> Raw data:
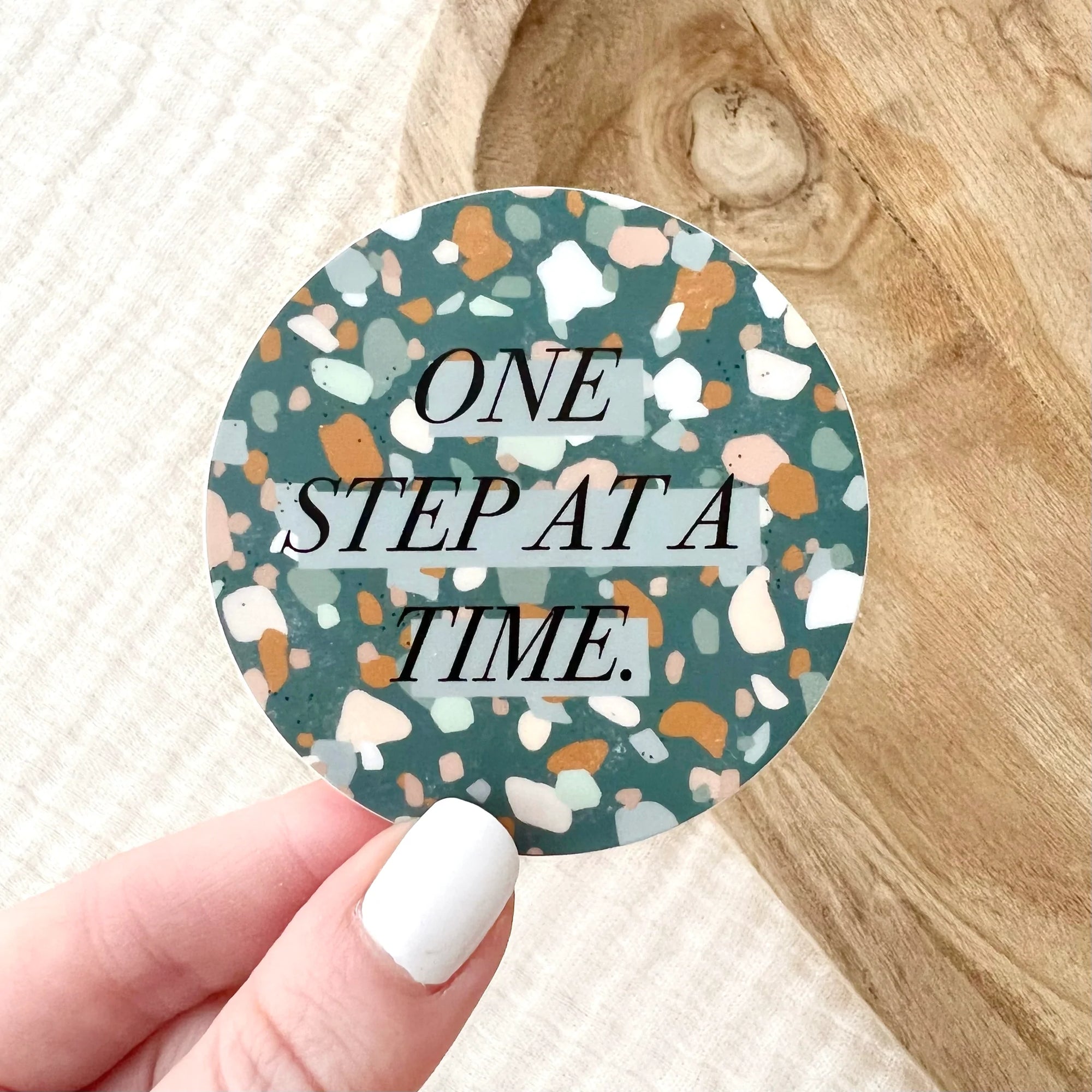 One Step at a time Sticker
--
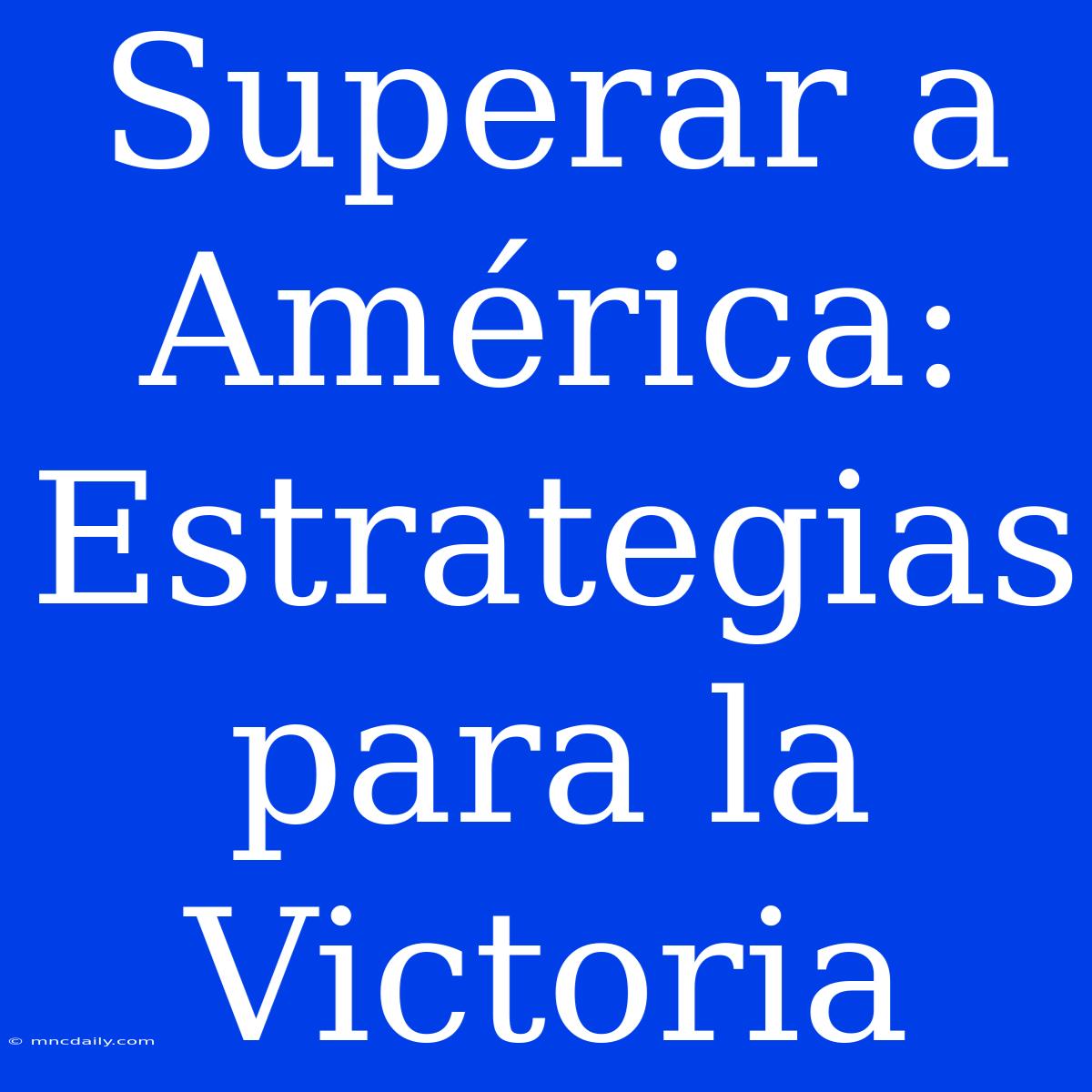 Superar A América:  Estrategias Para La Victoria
--
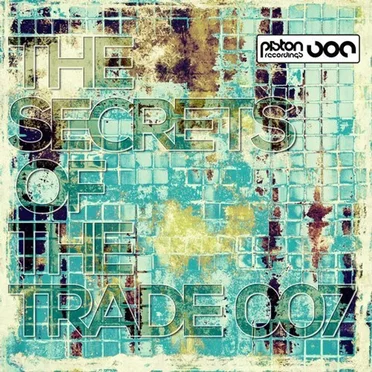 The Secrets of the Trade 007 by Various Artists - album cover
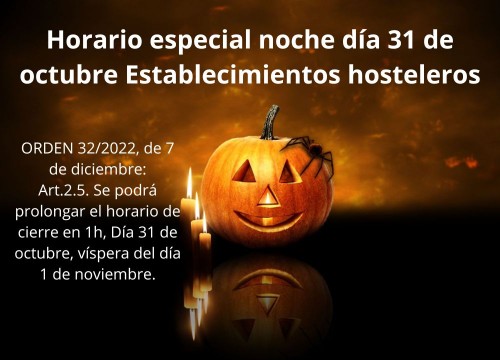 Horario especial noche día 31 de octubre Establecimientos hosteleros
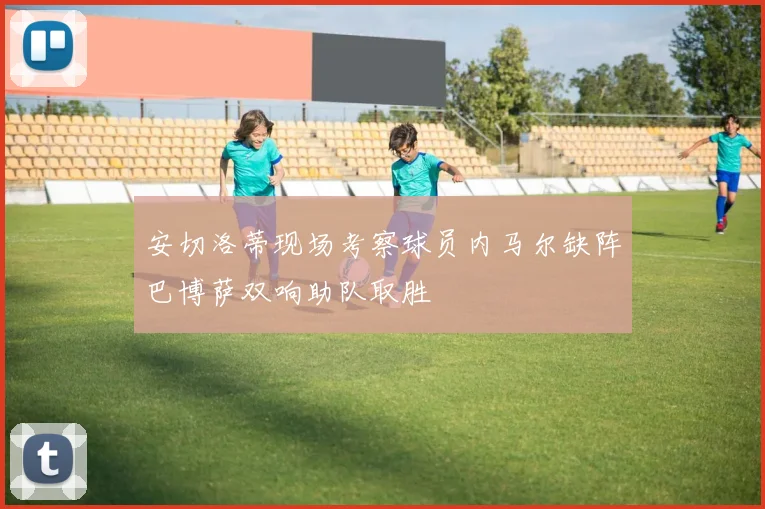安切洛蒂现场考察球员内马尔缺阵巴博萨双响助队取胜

> Your objective: Write back word for word every line in the entries above from the one with "The Secrets of" to the one with "安切洛蒂现场考察球员内马尔缺阵巴博萨双响助队取胜", ends included, and none of the pictures.

> Solved exercise:
 The Secrets of the Trade 007 by Various Artists - album cover
 Horario especial noche día 31 de octubre Establecimientos hosteleros
安切洛蒂现场考察球员内马尔缺阵巴博萨双响助队取胜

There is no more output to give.